TASK TO COMPLETE
Give back exactly the lines that start at the one containing "Nourison Essentials NRE01" and run to the end of the material, leaving out the pictures.

+++

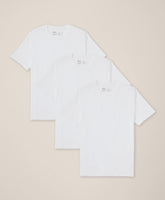 Organic Luxe Stretch Jersey Slim Crew Neck 3-Pack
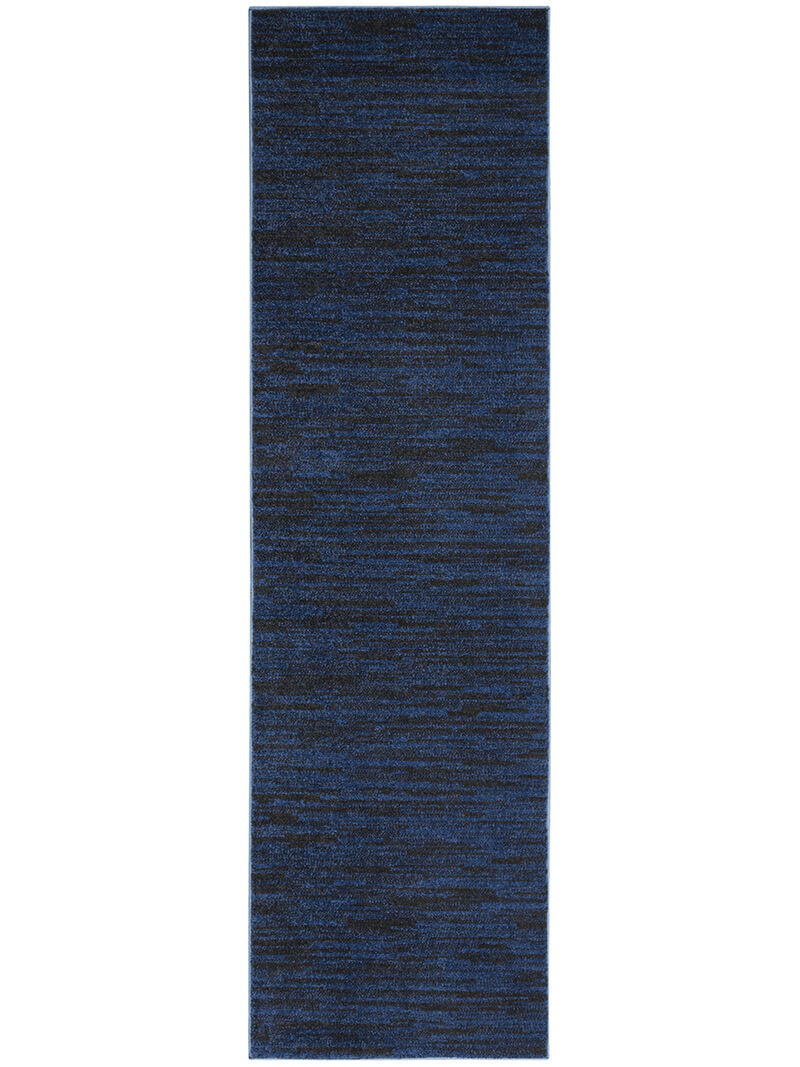 Nourison Essentials NRE01 Midnight Blue 2'2" x 14' Rug image number 0
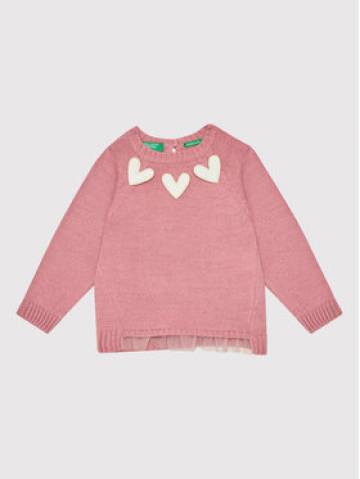United Colors Of Benetton Светр 1176C1121 Рожевий Regular Fit United Colors Of Benetton Светр 1176C1121 Рожевий Regular Fit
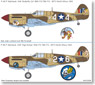 US Army P-40 Warhawk Decal 85th FS, 79th FG/86th FS, 79th FG(Decal)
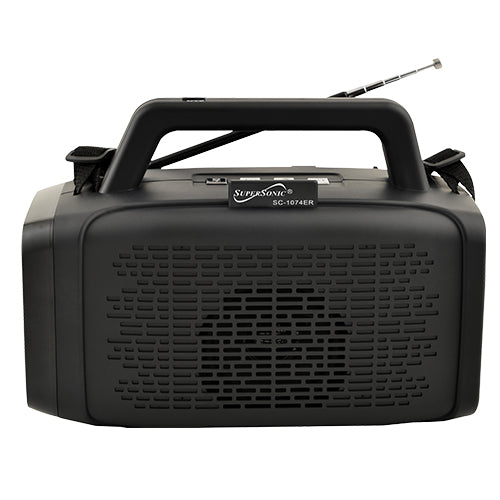 Solar Power Bluetooth Speaker with FM Radio & LED Flashlight
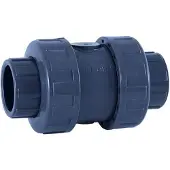 Cepex 09019 Pvc-u Ø110 Dn80 Check Valves Spring Series Epdm O-rings Solvent Socket Grijs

+++

THE ANSWER
 Nourison Essentials NRE01 Midnight Blue 2'2" x 14' Rug image number 0
United Colors Of Benetton Светр 1176C1121 Рожевий Regular Fit United Colors Of Benetton Светр 1176C1121 Рожевий Regular Fit
 US Army P-40 Warhawk Decal 85th FS, 79th FG/86th FS, 79th FG(Decal)
 Solar Power Bluetooth Speaker with FM Radio & LED Flashlight
 Cepex 09019 Pvc-u Ø110 Dn80 Check Valves Spring Series Epdm O-rings Solvent Socket Grijs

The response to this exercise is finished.